So this would be 2e to the natural log of 2 squared, which would be 4. And then I'll do the same thing here, e natural log 4 plus 1. So what do we have left over now? Well, the e to the natural log 4 expression is just going to be equal to 4. So on the top, I have 2 times 4 divided by 4 plus 1. And that's going to be 8 divided by 5. So in this expression I took this coefficient and moved it back as a power. 2 squared is of course 4. E natural log 4 is 4. And so we have our final result here simplified to the very simple fraction 8 over 5. So one final function before moving forward. Here is the function y equals log base 4 of e to the 2x plus 3 to the x squared.
So the chain rule abounds in this example. I'm going to have to apply the chain rule. for the function log base 4 with this function inside. And as I apply the chain rule, this piece requires the chain rule, and so does this piece.
So our derivative is going to be y prime. So for log base 4, our template is 1 over the inside.
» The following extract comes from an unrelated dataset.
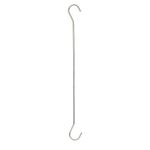 Double universal hooks, length 25 cm, 25 pcs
And then natural log 4 on the bottom.
and then times the derivative of the inside. So the derivative of e to the 2x is going to be 2e to the 2x by the chain rule. And then the derivative of 3 to the x squared is going to be 3 to the x squared natural log 3. And then we have to hop in and finish by multiplying by the derivative of the inside. And of course the derivative of x squared is 2x. So I'll express our derivative this way.
What we have is 2e to the 2x and then plus 3 to the x squared natural log 3 times 2x all divided by e to the 2x plus 3 to the x squared times the natural log of 4 on the bottom. So to finish out this section we introduced the technique of logarithmic differentiation. So let's say that we were posed with a function of this form. y equals x to the x power.
So notice that I have both a variable in the base and a variable in the exponent. So this function is sort of like a hybrid between an exponential function and a power function. A power function is something like x squared. An exponential function is something like 2 to the x. So this is like a mixture of those two.
I have y equals x to the x power, so a variable raised to. another variable. So how do we find the derivative in this case? Well first of all, this is not going to be an application of the power rule.
So the derivative is not going to be bring the power of x down, take one away, because this is not a power function. A power function says we have x to a number. This is also not going to be a logarithmic function, excuse me, an exponential function, because an exponential function says we have a number to a variable. And so I cannot say that the derivative here would just be x to the x, l, and x, doing our b to the x, l, and b pattern. So neither of these cases apply to this function.
So for these types of functions where we have a variable to a variable, we're going to employ the technique of what we call logarithmic differentiation. And the way that we are going to go forward is we're going to To make use of this fact, the natural log of x to a power is the same as that power being written as a coefficient. So this step right here is going to be critical, or applying this property is going to be critical in moving forward in this technique of logarithmic differentiation.
So let's see how we find the derivative of this function y equals x to the x power. So what we're going to do here... is we're going to take the natural log of both sides. So we'll take the natural log of both sides of this function.
We'll have the natural log of y is equal to the natural log of x to the x. And so this is the same thing now as the natural log of y. Again, what we'll do is we'll apply that property.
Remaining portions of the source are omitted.